* _Instructions for the task_:
Reproduce, unchanged, the lines between the one holding "Imagen PUMA Zapatillas" and the last line of the records, including both ends, but no pictures.

* _Dataset content_:
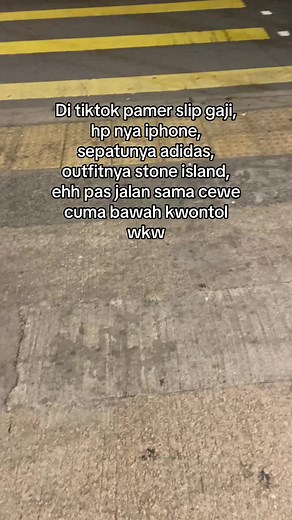 #fypシ #cyzbca #fypage #storymalam #hongkong #fyppppppppppppppppppppppp #yunglong🤣🇭🇰🇭🇰🇭🇰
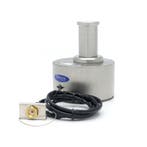 Droogijsmachine - Droogijscilinder 5,6 x 11,2 cm - 120, Zakelijke goederen, Verzenden, Nieuw in verpakking, Overige typen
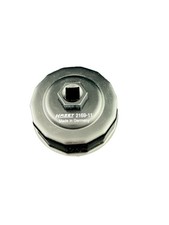 Original HAZET 2169-11 Ölfilterschlüssel f. Mercedes-Benz
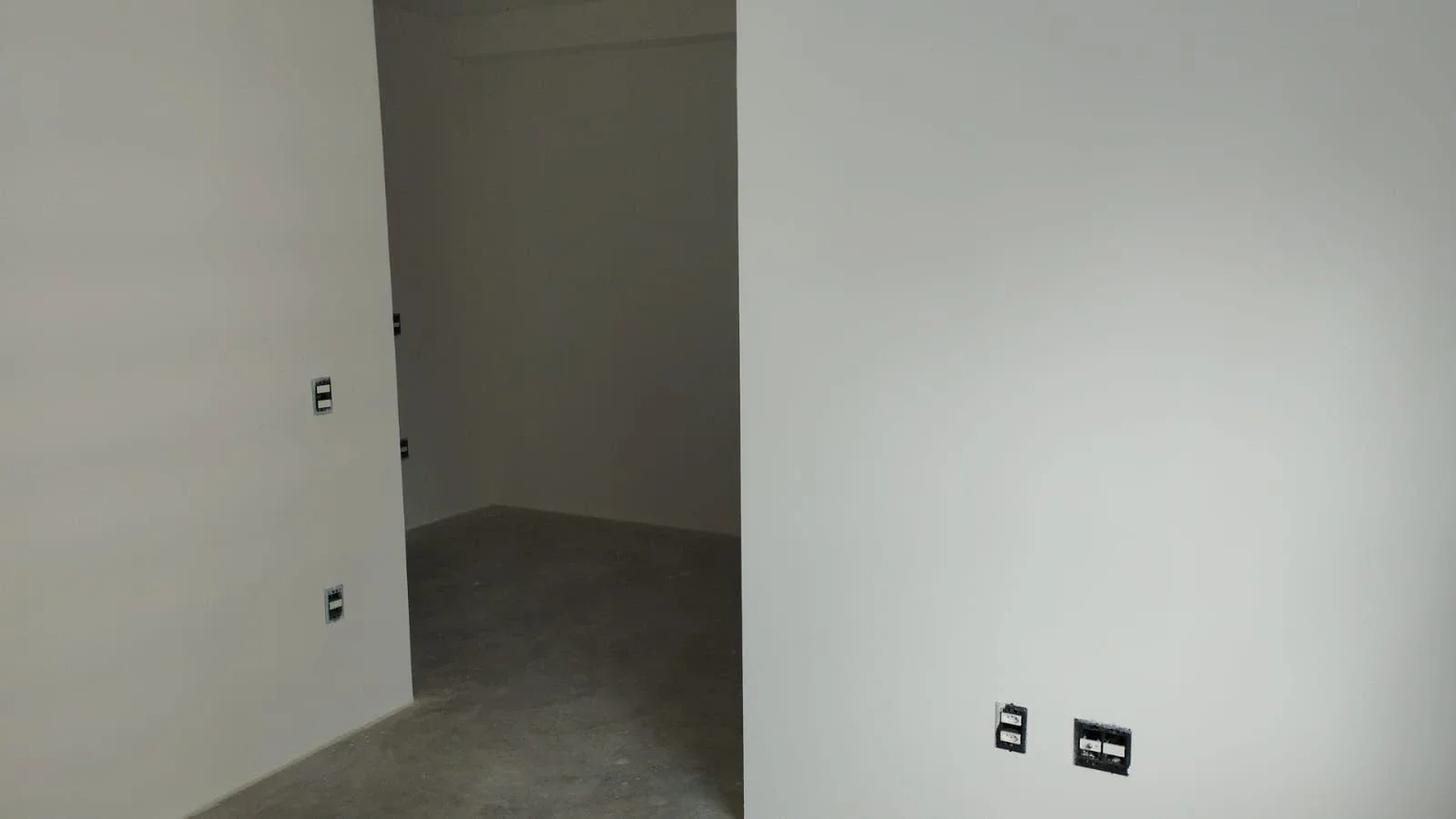 Apartamento na Mooca para Venda ou Locação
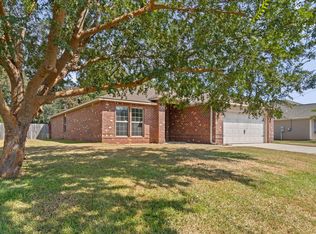 5609 Price Plantation Rd, Baker, FL 32531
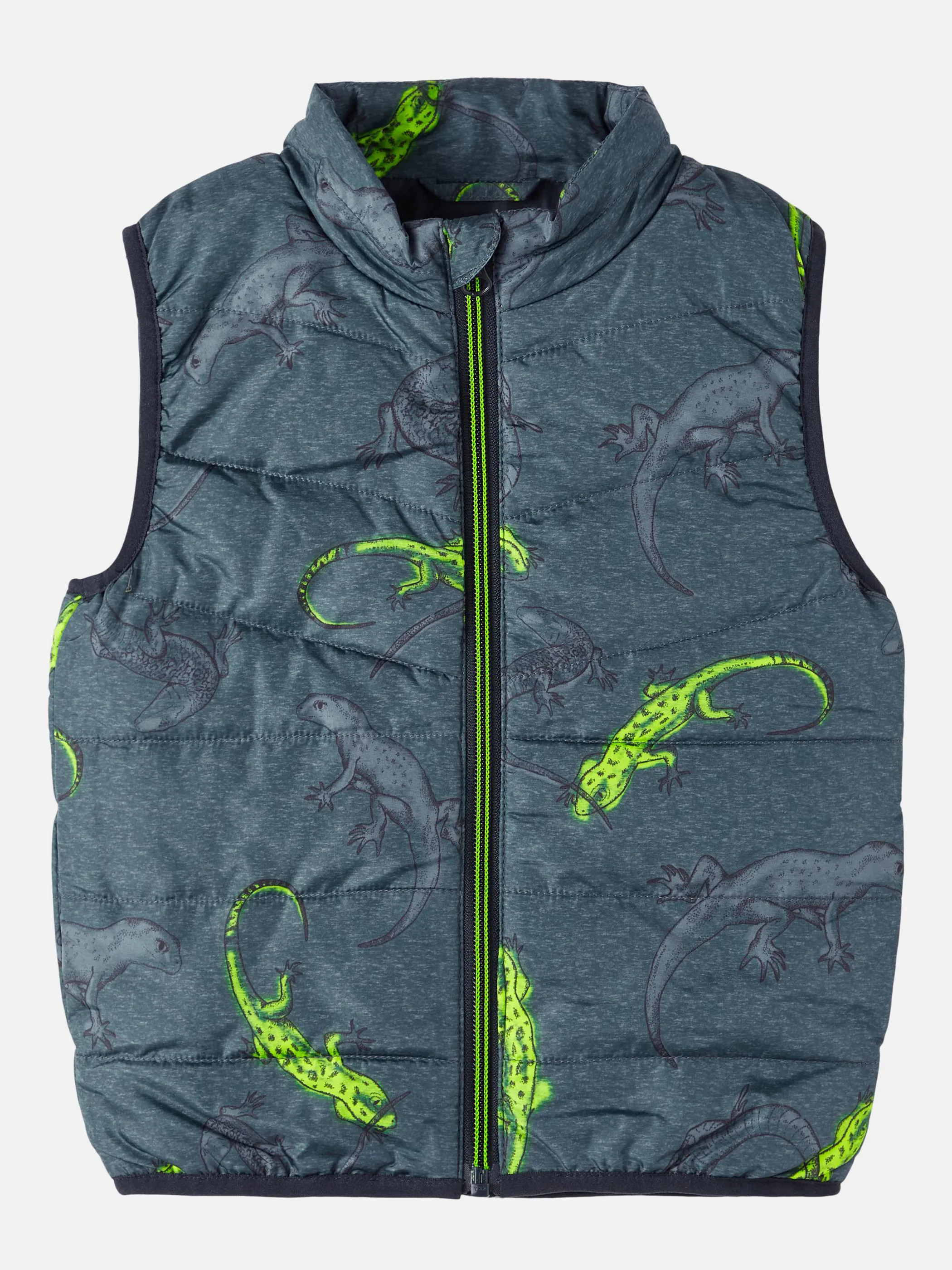 name it 13205258 NMMMYLANE AOP VEST5 Blau 866609 260836 1 name it 13205258 NMMMYLANE AOP VEST5 Blau 866609 260836 1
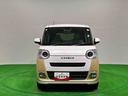 （広島県）の中古車
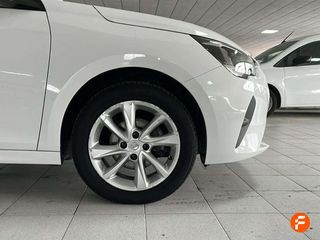 Opel Corsa 1.2 XEL 55kW (75CV) Edition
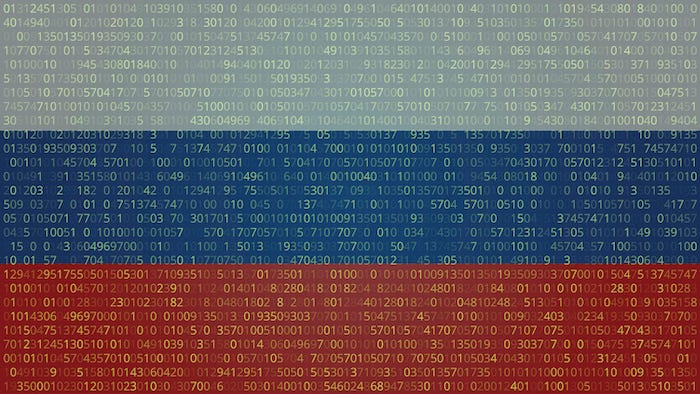 Russia Hack.jpg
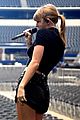 taylor-maren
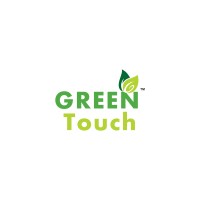GREENTOUCH GASES PRIVATE LIMITED logo - Similar company to Oxybreathe Oxygen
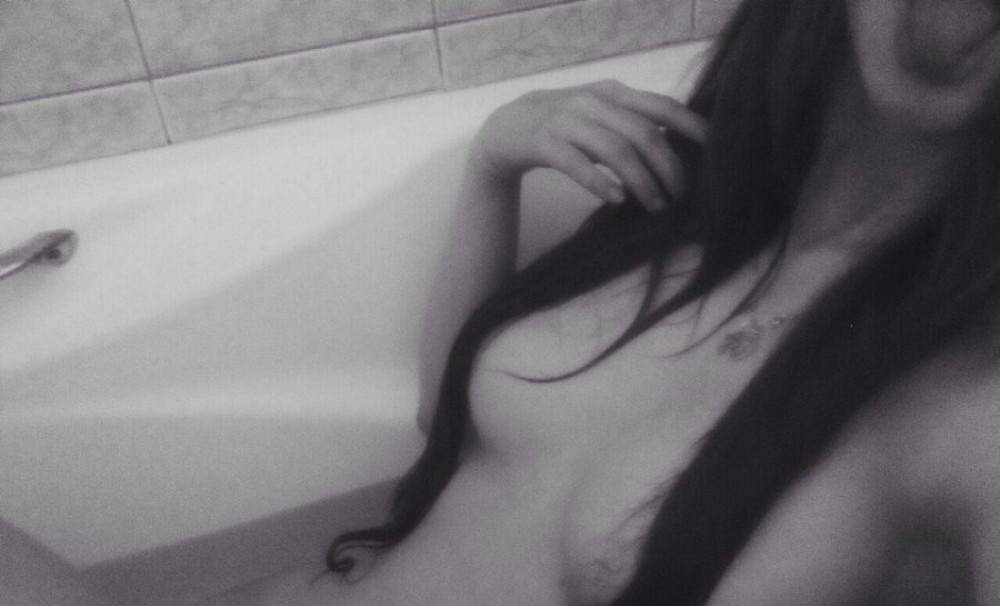 Индивидуалка Рита фото № 2 в городе Джанкой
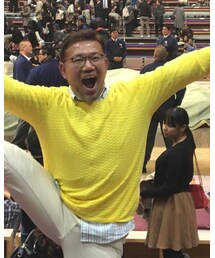 ZARA | ニット/セーター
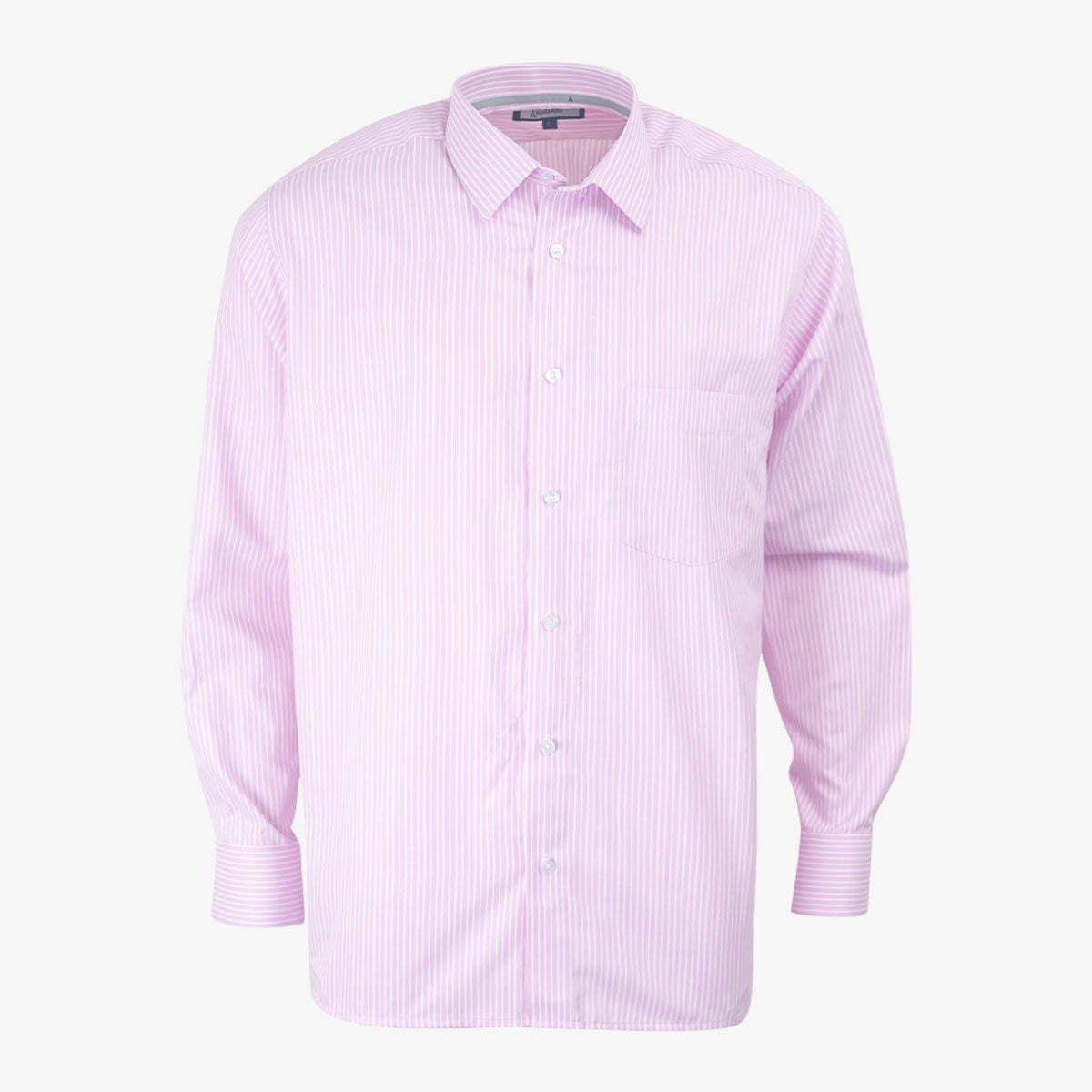 Camisa Formal| Kosta Azul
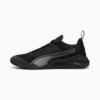 Imagen PUMA Zapatillas Training para hombre Fuse 3.0 #1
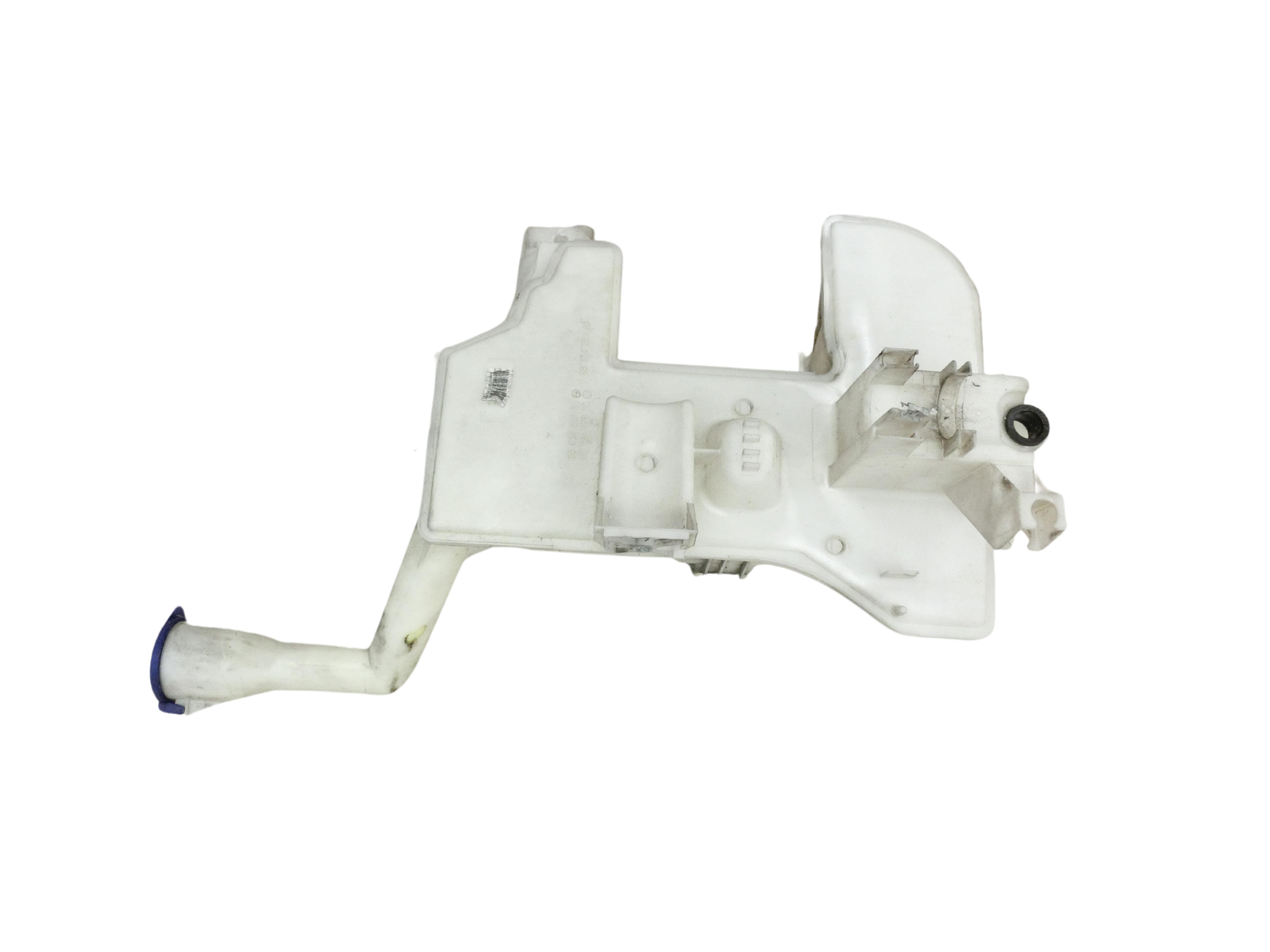 Washer Fluid Tank water for Citroen C5 RD TD 08-10 - Bild 1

* _Problem solution_:
 Imagen PUMA Zapatillas Training para hombre Fuse 3.0 #1
 Washer Fluid Tank water for Citroen C5 RD TD 08-10 - Bild 1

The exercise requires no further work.